After a lousy start to the day, I had the best ride on Z.
A light must have gone off in her head because she finally realized and started providing it to me quickly, that when I vibrate the inside rein I wanted her to stretch down. This is part of the Mark Russell work I’ve been writing about – the idea for the horse to relax in the front with the jaw and the poll/axis so the hindquarter and spinal energy can have a place to move too.
At this time the head does not stay relaxed and pops up a bit, especially when asked to come to halt. This will be improved on through the next months work and I expect she will process it rather quickly.
She is also extremely stiff to the left, so I’ll be glad when the chiropractor sees her mid-month. The stretch exercises were the best she has done and she did some awesome belly lifts so she will definitely be stronger by the end of 45 days then she is today, especially in the back which is most needed.

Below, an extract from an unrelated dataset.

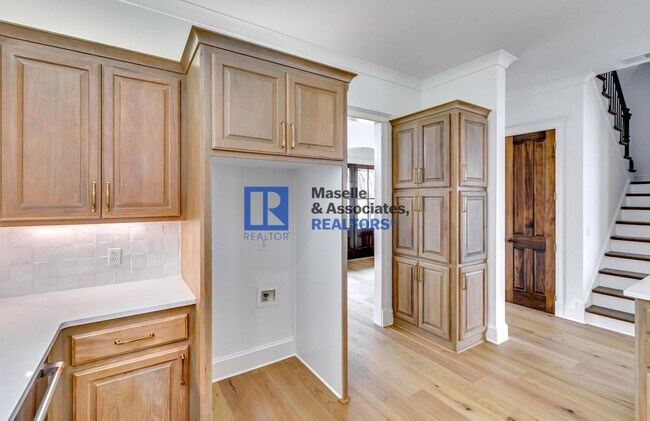 Building Photo - 1418 Windrose Dr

If you are a Sally Swift, Centered Riding fan, you may remember her analogy in her CR book about a kinked hose. If the horse is blocked (i.e. improper alignment, crookedness, imbalance etc…) – and here I am imagining this as the spine, the output (energy) is little; once the hose opens, the water (energy) flows freely and you have maximum power from rear to front. Tension in the rider or the horse impends this flow of energy so it doesn’t matter if you are kicking away on the hind end if the front hands are pulling back (classic issue with beginner riders).
While I could talk about all sorts of blockages, for the sake of this post, I am discussing the pressure on the reins – either with a sidepull (my equipment) or with a bridle and bit. It’s vastly important for me to remember not to overuse my reins at this stage of the riding and it’s something I have to re-train myself to do because my natural impulse is to use rein pressure.
For example, we usually ask for a halt with a slight pull back on the reins, or as I was later taught, making it a soft rubber wall where I no longer allow the hands/arms to move forward with the horses’ head. Russell covers the halt on page 40 and he also goes by the rubber wall, stepping the horse into the resistance.
Another way I’ve been thinking about this from Molly is the idea is to stop without any rein pressure at all! The concept being that any pressure creates a counter pressure which will result in an unrelaxed/tense state that does not allow the body to perform to optimum athleticism. With this in mind, you would want the hands to go forward, releasing any pressure, when you ask for the halt.
So how do you stop your horse? First, without rein pressure. Second, returning to Sally Swift (Centered Riding) look at her exercise where you grow tall to the sky, and grow long to the ground. This re-centering alone on the rider’s part can allow a horse to halt, especially is you stop moving your hips with the walking motion. This is the very beginning of training the horse to move off the seat instead of the more visible aids of hands and legs.
Other options, if the horse is rushing and not listening at all is to tilt the nose to the inside and spiral the horse in – eventually this pick up and bend to the inside, along with your seat energy (no leg, quiet seat, grown down and up) means to halt. Or the horse can have a slight bend of the nose to the rail. My personal preference is the inside spiral as it makes the horse work harder and they eventually figure out “why am I doing so much when she is asking so little?” and being naturally an animal that would rather stand still then work harder, they comply.
Now I just need to remember it every time!